Anything Box: Elektrospective
Anything Box, too, has a remedial-listening course to go along with the new album, this one a newly-issued collection with the companionable title Elektrospective. From the outside it looks like a best-of compiled by a complete idiot, since it omits the band's one genuine hit, "Living in Oblivion", and listening to it it kind of sounds that way, too, but after some careful A-B comparisons I can testify that the songs that also appear on Peace are, in fact, different versions here, some demos and a couple remixes, and the ones that aren't are apparently non-album tracks from the same period. A-B comparisons reveal, actually, that the demos here are even more spare and naive-sounding than the album versions of these songs, and it's a testament to the subjectivity of memory that listening to them in isolation I didn't realize they weren't the same. This is exactly how these songs have come to sound in my head. I'm not sure whether stealing my morphed memories and pressing them onto a CD is Anything Box's way of conceding the point, or of mocking me.

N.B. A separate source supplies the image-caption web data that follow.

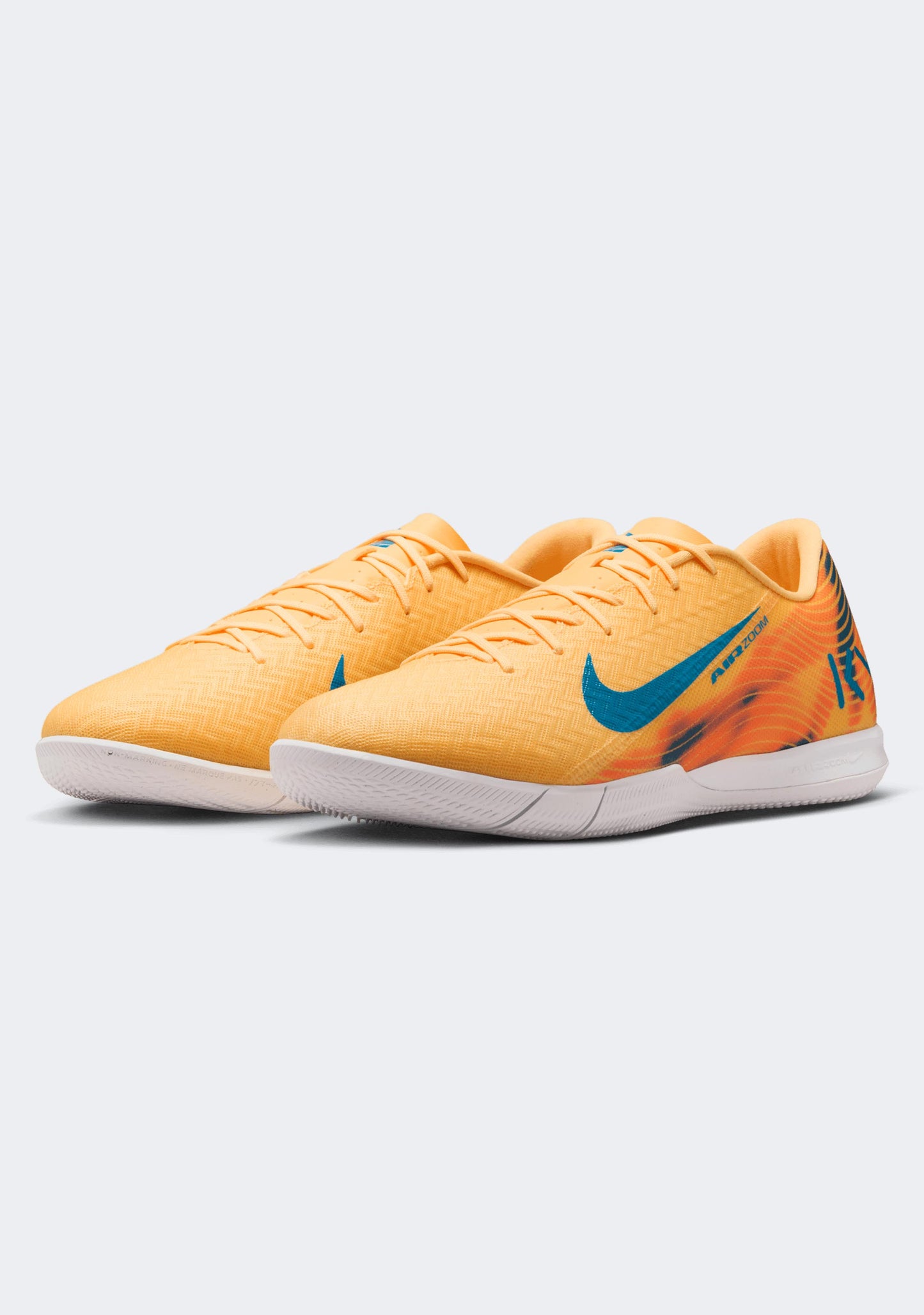 Nike Men's Mercurial Zoom Vapor 16 Academy Kylian Mbappe IC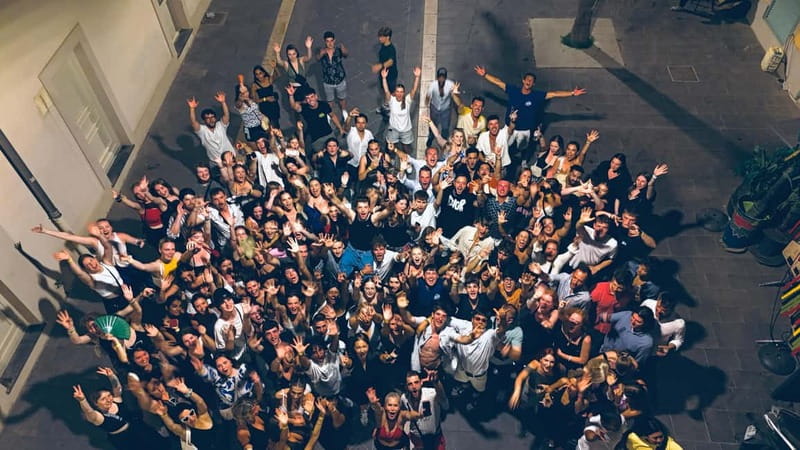 Nice: Bar/Pub Crawl with Free Shots and VIP Entry - What happens at the meeting point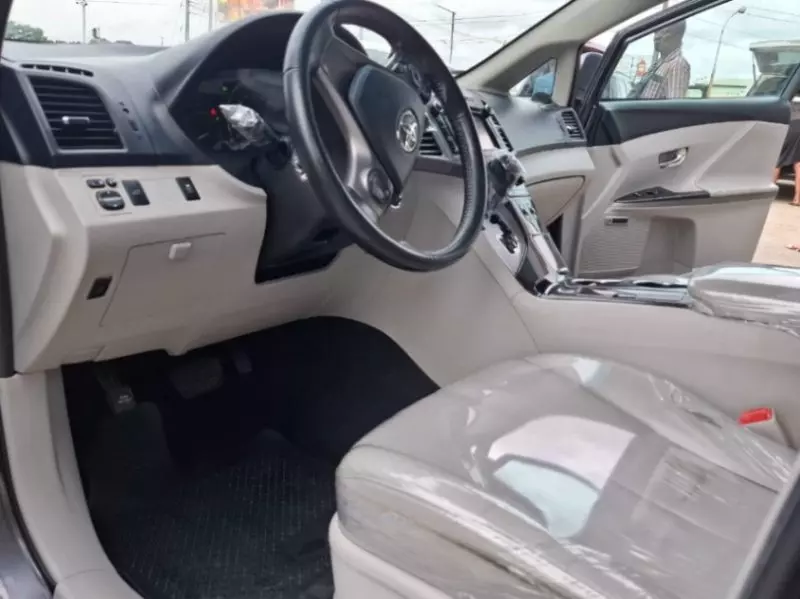 Toyota Venza   - 2014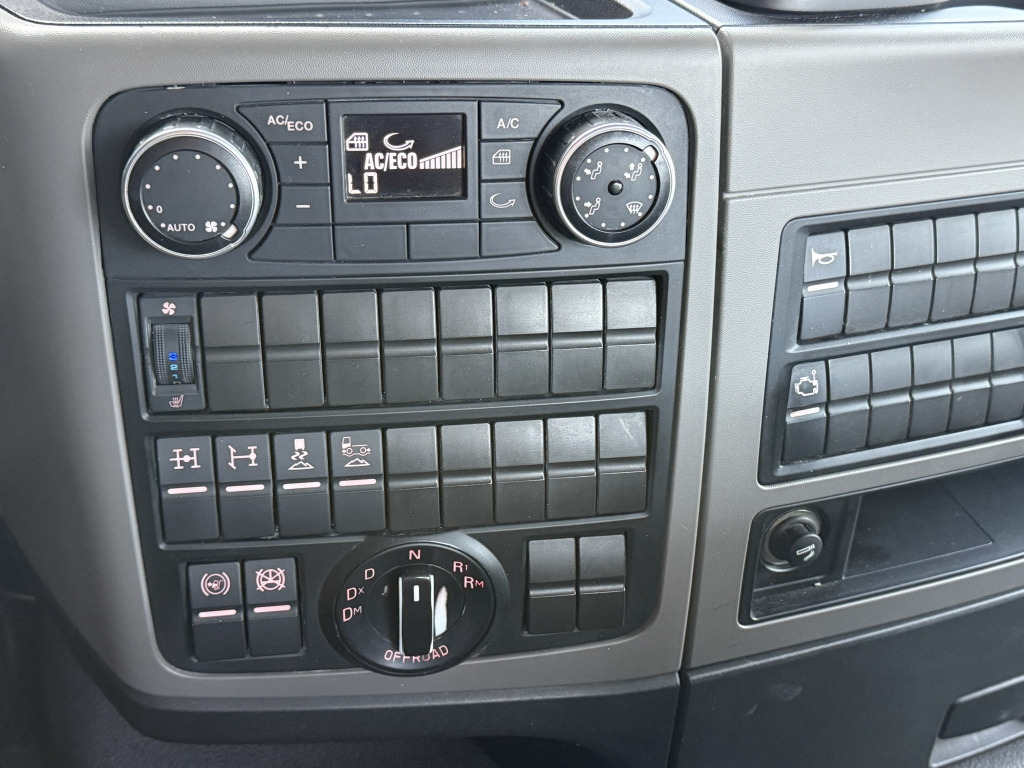 MAN TGS 26.500 6x4 12m³ Kipper Retarder NAVI 1.Hand - Camion benne: photos 5 MAN TGS 26.500 6x4 12m³ Kipper Retarder NAVI 1.Hand - Camion benne: photos 5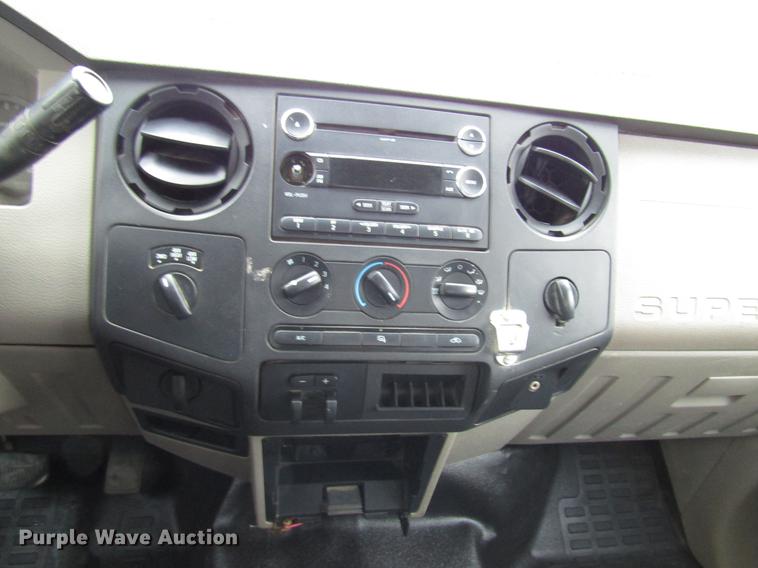 image for item FJ9621 2010 Ford F250 Super Duty Crew Cab pickup truck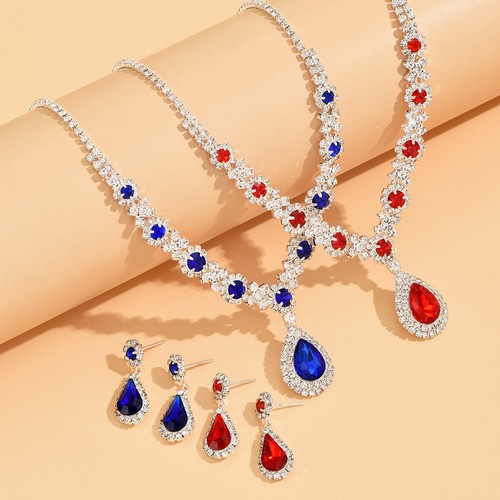 Set gioielli orecchini collana
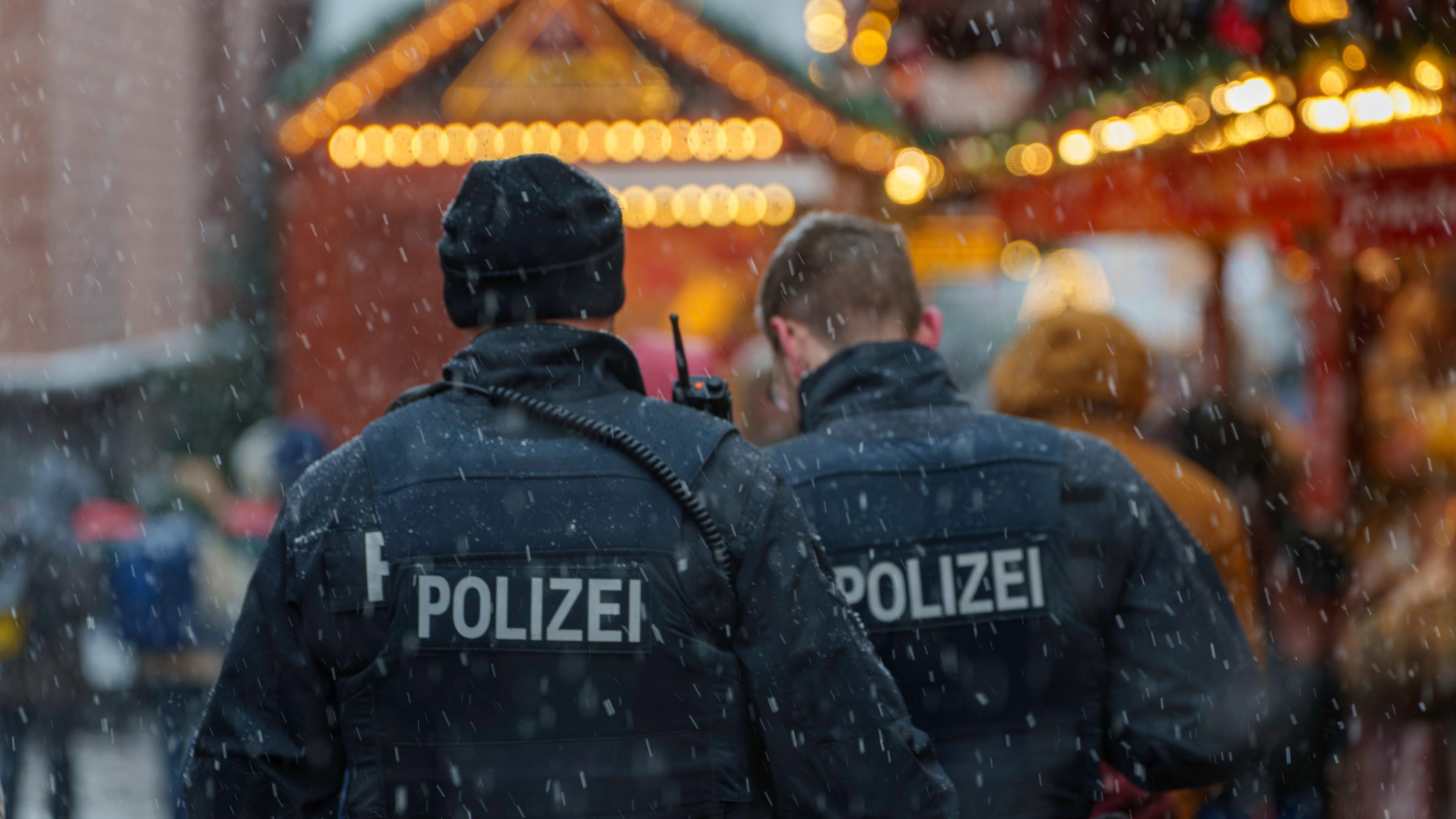 Zwei Polizisten gehen über den Weihnachtsmarkt in Frankfurt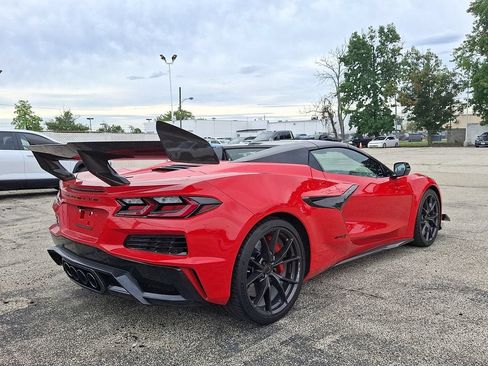 Used 2026 Chevrolet Corvette ZR1 w/ ZR1 Carbon Fiber Aero Package RWD image 7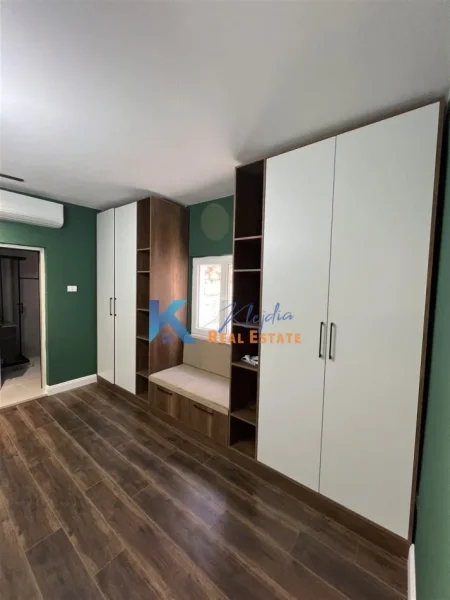 Tirane, jap me qera apartament 1+1+Ballkon Kati 1, 80 m² 550 € (Don Bosko)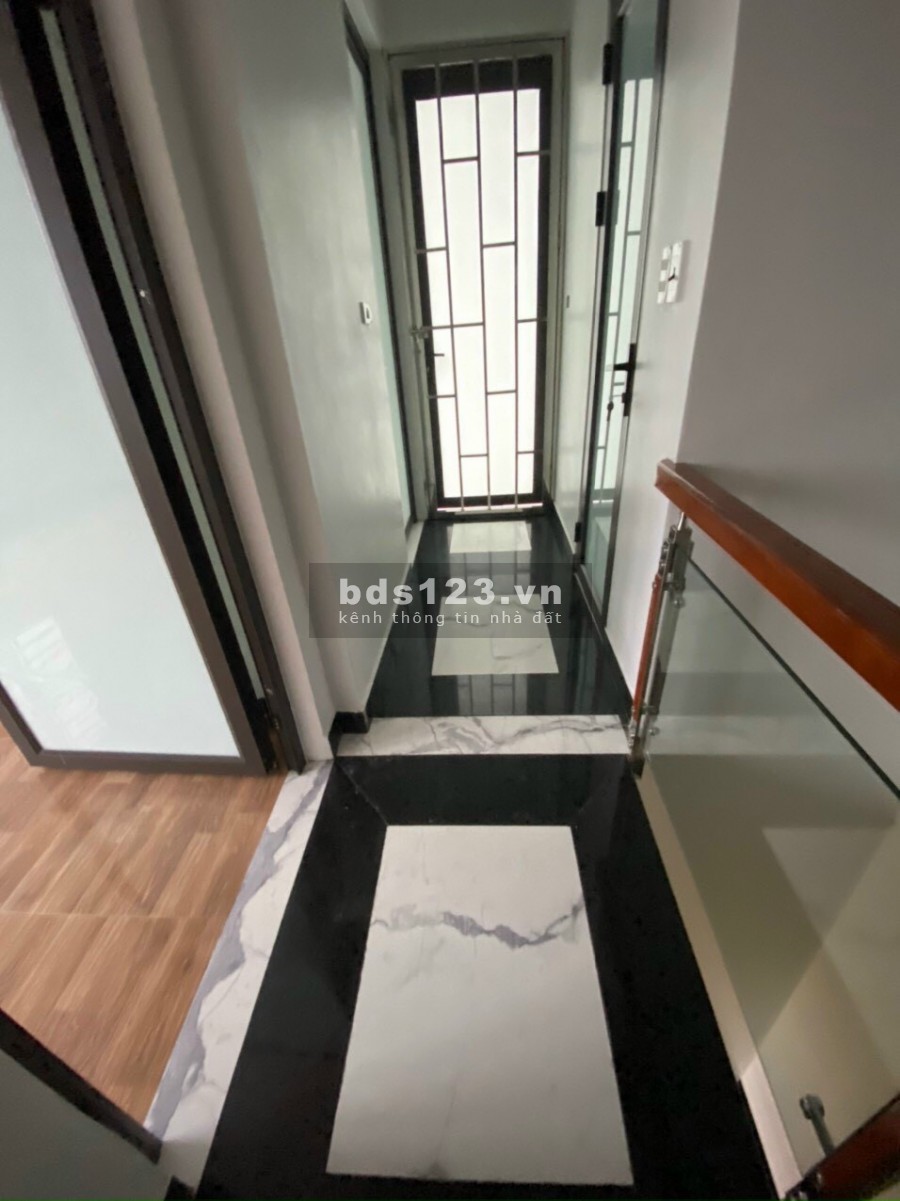 Bán nhà phố Nguyễn Thị Duệ, Ph Thanh Bình, 46m2, 3 tầng, lô góc, cực đẹp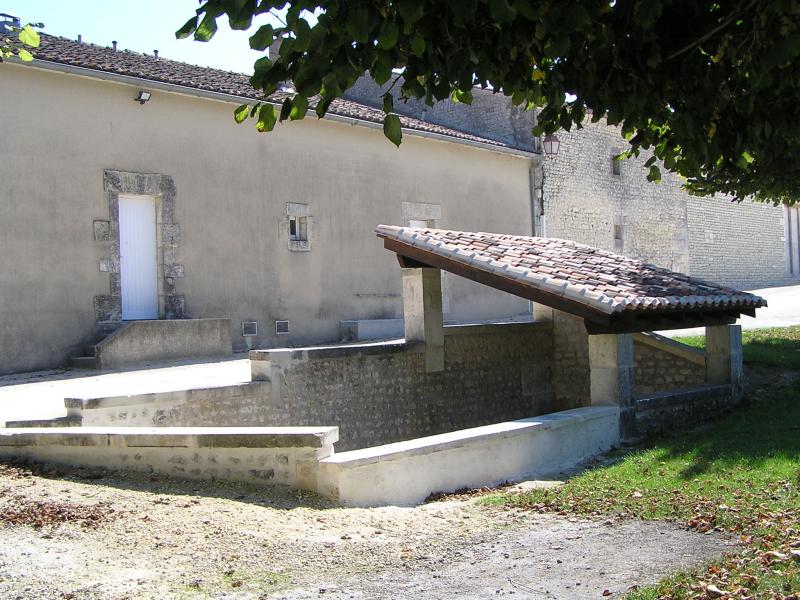 Lignières-Ambleville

Gary Numan: Exile (Extended)
Possibly the strangest manifestation of synth-pop revisionism is Gary Numan's new habit of releasing two versions of each album differing only in editing rigor, begun with 1994's Sacrifice and now continuing with the extended version of the 1997 album Exile. A cynic might speculate that this is done to wring more money per album out of Gary's diminutive, but unblinkingly loyal, fanbase. An apologist might counter that some listeners would rather have a forty-seven-minute album than a seventy-four-minute one, and some vice versa, and this gives them the choice. The cynic would then point out that if that were Numan's goal, waiting a year and a half before releasing the long version, by which point everybody has given up and bought the short one regardless of which one they really wanted, is an odd way to address listeners' concerns. And as with the extended version of Sacrifice, I am skeptical that there are any people who prefer the forty-seven-minute album. These songs are so monotonous, to begin with, that if you're going to hate them, you're going to hate them long before the forty-seventh minute. The only way to survive the short version of the album is to appreciate Numan's aesthetic on its own terms, and if you can do that, I'm pretty sure you'll want to hear the parts he left off of it. I even think the album is better balanced, this way, the extra instrumental sections helping to relieve the oppressive bleakness of the lyrics. But then, I'm almost always partial to the long versions of things. I'm running out of pages in The English Patient well before I've run out of patience. I'd love an extended version of this class report; maybe faced with two pages, instead of two paragraphs, more people would feel self-conscious about saying nothing. Maybe if people were forced to justify themselves at length, more often, they'd feel self-conscious about doing nothing. I won't argue that brevity isn't the soul of wit, any more than I'd argue that writing a memoir in the margins of other people's books would be more compelling on film than a plane crash, but there is more to life than plane crashes and wit.